4    Angaben zur Art und Anzahl der zu schächtenden Tiere

 

Die angegebene Tierzahl muss insgesamt und jeweils auf die Tierarten bezogen in angemessener Relation zur Größe des benannten Kundenstamms stehen.

 

Das Verhältnis von Schlachttierzahl zur Anzahl sachkundiger Personen, die das Schächten durchführen, muss angemessen sein (ggf. Festlegung der von einer Person zu schächtenden Tiere pro Schlachttag; Berücksichtigung von weiteren Tätigkeiten neben der Ausführung des Schächtschnittes).

 

 

5    Sicherstellung der Absatzwege

 

Das durch Schächten gewonnene Fleisch darf nur an Angehörige der in der Genehmigung genannten Religionsgemeinschaft abgegeben werden. Im Antrag sind ggf. Angaben des Antragstellers über Vertriebswege erforderlich, über die geschächtetes Fleisch vermarktet werden soll. Bei Verstößen ist die Ausnahmegenehmigung unbeschadet einer Prüfung im Einzelfall zu widerrufen.

 

Erfolgt eine Abgabe z.B. an Verarbeitungsbetriebe und Großküchen (z.B. Kantinen von Moscheen), hat der Genehmigungsinhaber die ordnungsgemäße Verwendung des gewonnenen Fleisches sicherzustellen. Dies kann insbesondere durch vertragliche Vereinbarungen mit den Verarbeitungsbetrieben und Großküchen geschehen. Gegebenenfalls ist mit dem Genehmigungsinhaber eine besondere Kennzeichnung des Fleisches geschächteter Tiere zu vereinbaren (schriftliche Hinweise, Etikettierung etc.). Es wird darauf hingewiesen, dass eine solche Kennzeichnung bei Rindfleisch nur im Rahmen eines genehmigten Etikettierungssystems möglich ist. Entsprechende Anträge auf Erteilung einer Genehmigung sind an die Bundesanstalt für Ernährung und Landwirtschaft zu richten.

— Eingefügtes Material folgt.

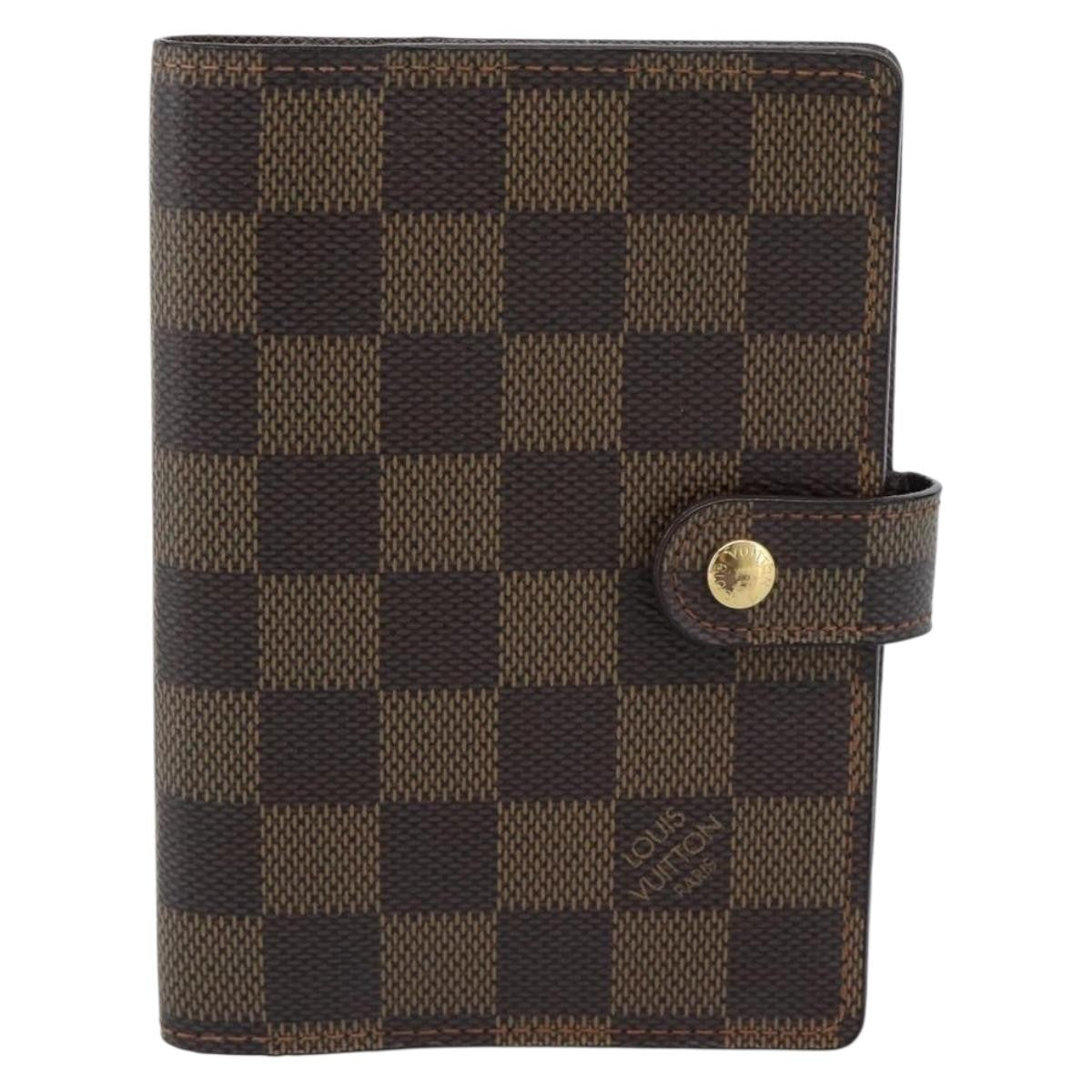 Louis Vuitton Ring Agenda Cover Damier Brown Canvas Bag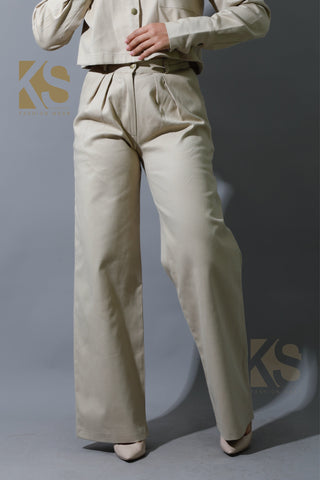 Co-ord Pleated Wide Leg Pants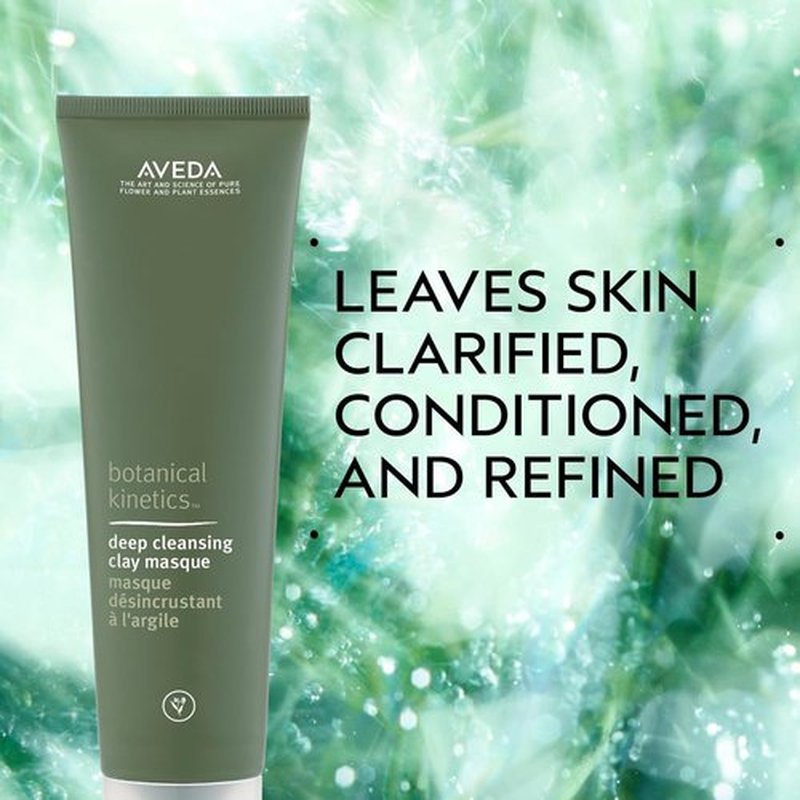 Aveda Botanical Kinetics Deep Cleansing Clay Masque - Clarifying Masque for Oily Skin | 4.2 Fl Oz with Kaolin & Bentonite Clay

Der Genehmigungsinhaber hat auf Verlangen gegenüber der zuständigen Behörde den Verbleib des Fleisches durch entsprechende Belege nachzuweisen.

6    Nebenbestimmungen

Durch geeignete Nebenbestimmungen in der Ausnahmegenehmigung zum Schächten ist die Einhaltung der oben genannten Forderungen sicherzustellen.

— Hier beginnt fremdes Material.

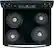 Alt View 11. GE - 5.0 Cu. Ft. Self-Cleaning Freestanding Electric Range - Black.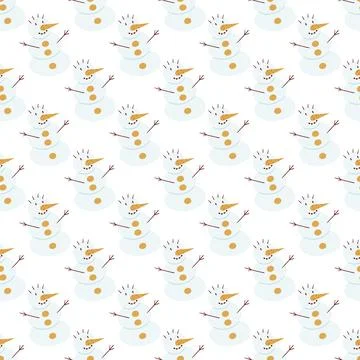 Christmas seamless pattern in hand draw style Stock Illustration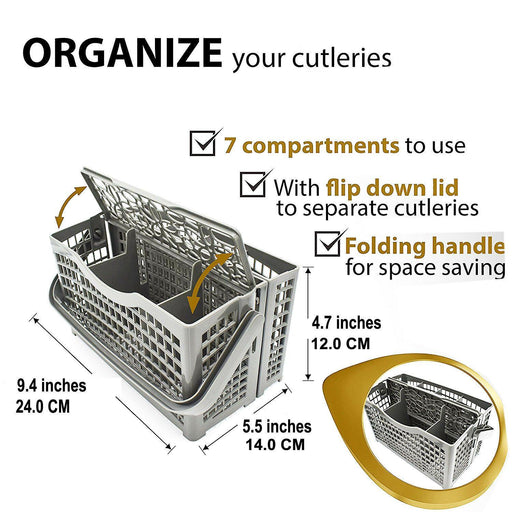 2 In 1 Dishwasher Cutlery Basket For Dishlex DX103SK DX103WK DX203WK DX203SK Sparesbarn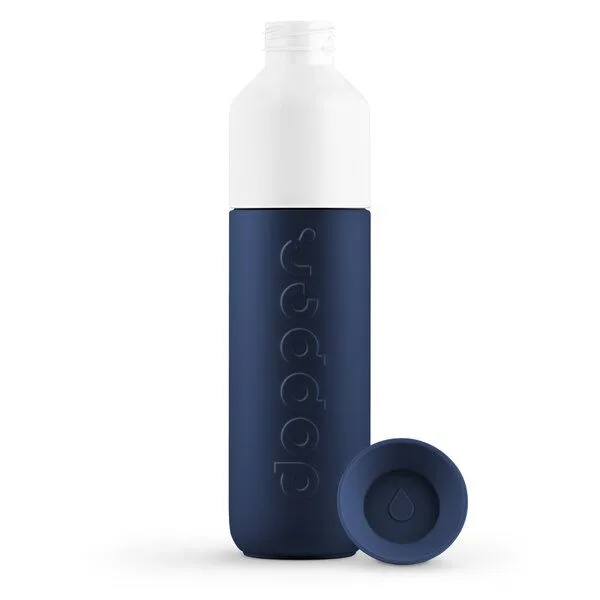 Dopper Thermosflasche Dopper Insulated 350ml, 580 ml - Doppelwandig, auslaufsicher, hält 24h kalt / 9h heiß, Breaker blue (blau), – Produktbild 4 von 4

Insbesondere ist der Inhaber einer Ausnahmegenehmigung durch Nebenbestimmungen zu verpflichten, dass er Fleisch geschächteter Tiere nur an Personen abgibt, die einer Glaubensgemeinschaft angehören, die die entsprechenden Anforderungen erfüllen. Eine Abgabe von Fleisch geschächteter Tiere an den freien Handel oder die Gastronomie ist nicht zulässig.

Die Schlachtkapazitäten und ggf. -zeiten sind festzulegen. Als weitere Nebenbestimmung zur Ausnahmegenehmigung ist vorgesehen, dass der Zeitpunkt des Schächtens der zuständigen unteren Verwaltungsbehörde mindestens einen Werktag vor dem geplanten Schächten mitgeteilt wird.

In die Ausnahmegenehmigung ist auch ein Hinweis auf die Einhaltung sonstiger Rechtsvorschriften, insbesondere fleischhygiene-, tierkörperbeseitigungs- und arbeitsschutzrechtlicher Bestimmungen, aufzunehmen.